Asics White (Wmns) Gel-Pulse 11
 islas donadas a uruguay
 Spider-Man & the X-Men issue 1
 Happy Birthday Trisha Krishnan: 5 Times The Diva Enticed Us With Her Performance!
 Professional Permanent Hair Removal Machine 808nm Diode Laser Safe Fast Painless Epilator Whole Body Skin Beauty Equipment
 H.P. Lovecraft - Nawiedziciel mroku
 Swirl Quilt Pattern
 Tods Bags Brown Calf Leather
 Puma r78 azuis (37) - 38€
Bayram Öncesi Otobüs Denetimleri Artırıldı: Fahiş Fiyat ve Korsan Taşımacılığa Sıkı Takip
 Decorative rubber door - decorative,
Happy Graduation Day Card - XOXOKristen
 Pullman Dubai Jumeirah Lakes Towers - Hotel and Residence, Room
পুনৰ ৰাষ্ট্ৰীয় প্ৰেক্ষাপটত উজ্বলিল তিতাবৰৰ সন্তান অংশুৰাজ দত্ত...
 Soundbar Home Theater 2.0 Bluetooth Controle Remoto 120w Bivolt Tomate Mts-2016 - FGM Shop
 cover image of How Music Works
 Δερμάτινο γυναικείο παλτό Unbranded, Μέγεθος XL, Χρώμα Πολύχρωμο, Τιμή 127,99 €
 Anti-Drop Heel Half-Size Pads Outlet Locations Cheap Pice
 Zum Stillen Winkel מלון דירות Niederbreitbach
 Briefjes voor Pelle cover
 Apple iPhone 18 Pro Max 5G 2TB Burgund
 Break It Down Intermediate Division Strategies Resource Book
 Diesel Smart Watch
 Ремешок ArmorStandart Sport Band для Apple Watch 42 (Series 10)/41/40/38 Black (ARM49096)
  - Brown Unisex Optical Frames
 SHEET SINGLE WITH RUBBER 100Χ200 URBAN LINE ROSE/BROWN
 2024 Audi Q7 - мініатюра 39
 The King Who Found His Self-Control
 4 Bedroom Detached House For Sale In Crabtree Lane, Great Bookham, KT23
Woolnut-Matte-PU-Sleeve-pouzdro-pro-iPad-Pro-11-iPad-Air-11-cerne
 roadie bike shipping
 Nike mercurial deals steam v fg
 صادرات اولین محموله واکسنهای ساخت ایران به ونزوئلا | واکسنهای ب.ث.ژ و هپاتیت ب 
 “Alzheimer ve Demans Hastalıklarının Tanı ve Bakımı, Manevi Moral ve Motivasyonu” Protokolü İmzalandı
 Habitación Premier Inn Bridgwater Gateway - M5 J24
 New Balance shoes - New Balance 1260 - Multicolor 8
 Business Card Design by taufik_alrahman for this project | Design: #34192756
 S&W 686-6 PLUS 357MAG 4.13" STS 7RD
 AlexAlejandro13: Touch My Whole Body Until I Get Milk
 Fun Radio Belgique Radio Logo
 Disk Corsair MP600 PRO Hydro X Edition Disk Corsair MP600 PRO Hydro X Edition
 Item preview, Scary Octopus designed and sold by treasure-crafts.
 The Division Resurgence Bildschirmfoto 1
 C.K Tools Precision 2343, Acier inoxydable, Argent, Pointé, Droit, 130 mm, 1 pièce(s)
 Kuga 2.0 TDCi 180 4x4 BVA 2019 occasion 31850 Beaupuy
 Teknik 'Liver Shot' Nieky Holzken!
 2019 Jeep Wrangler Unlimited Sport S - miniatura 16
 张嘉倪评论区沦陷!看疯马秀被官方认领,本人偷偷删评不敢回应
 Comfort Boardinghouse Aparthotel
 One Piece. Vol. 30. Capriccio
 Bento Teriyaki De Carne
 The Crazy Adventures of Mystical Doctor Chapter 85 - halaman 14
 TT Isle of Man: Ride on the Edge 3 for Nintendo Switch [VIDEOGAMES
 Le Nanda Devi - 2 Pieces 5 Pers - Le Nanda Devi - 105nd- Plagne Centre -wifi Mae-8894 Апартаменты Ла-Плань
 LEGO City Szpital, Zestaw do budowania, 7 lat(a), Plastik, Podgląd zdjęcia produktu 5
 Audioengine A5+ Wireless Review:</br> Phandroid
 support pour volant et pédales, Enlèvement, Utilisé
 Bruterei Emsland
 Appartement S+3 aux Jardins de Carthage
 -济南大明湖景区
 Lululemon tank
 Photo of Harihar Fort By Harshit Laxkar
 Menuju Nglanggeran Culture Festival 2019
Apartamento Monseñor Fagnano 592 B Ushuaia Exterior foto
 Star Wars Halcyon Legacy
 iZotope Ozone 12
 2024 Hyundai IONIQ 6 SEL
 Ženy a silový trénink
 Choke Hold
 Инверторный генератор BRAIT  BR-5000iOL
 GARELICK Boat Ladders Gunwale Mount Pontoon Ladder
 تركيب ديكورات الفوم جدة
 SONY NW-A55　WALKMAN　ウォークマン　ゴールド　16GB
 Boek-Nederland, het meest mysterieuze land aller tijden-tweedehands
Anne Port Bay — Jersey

= Required work =
Whichever lines of the records above hold the word "Body" should all be copied out.

= Solution to this task =
 Professional Permanent Hair Removal Machine 808nm Diode Laser Safe Fast Painless Epilator Whole Body Skin Beauty Equipment
 AlexAlejandro13: Touch My Whole Body Until I Get Milk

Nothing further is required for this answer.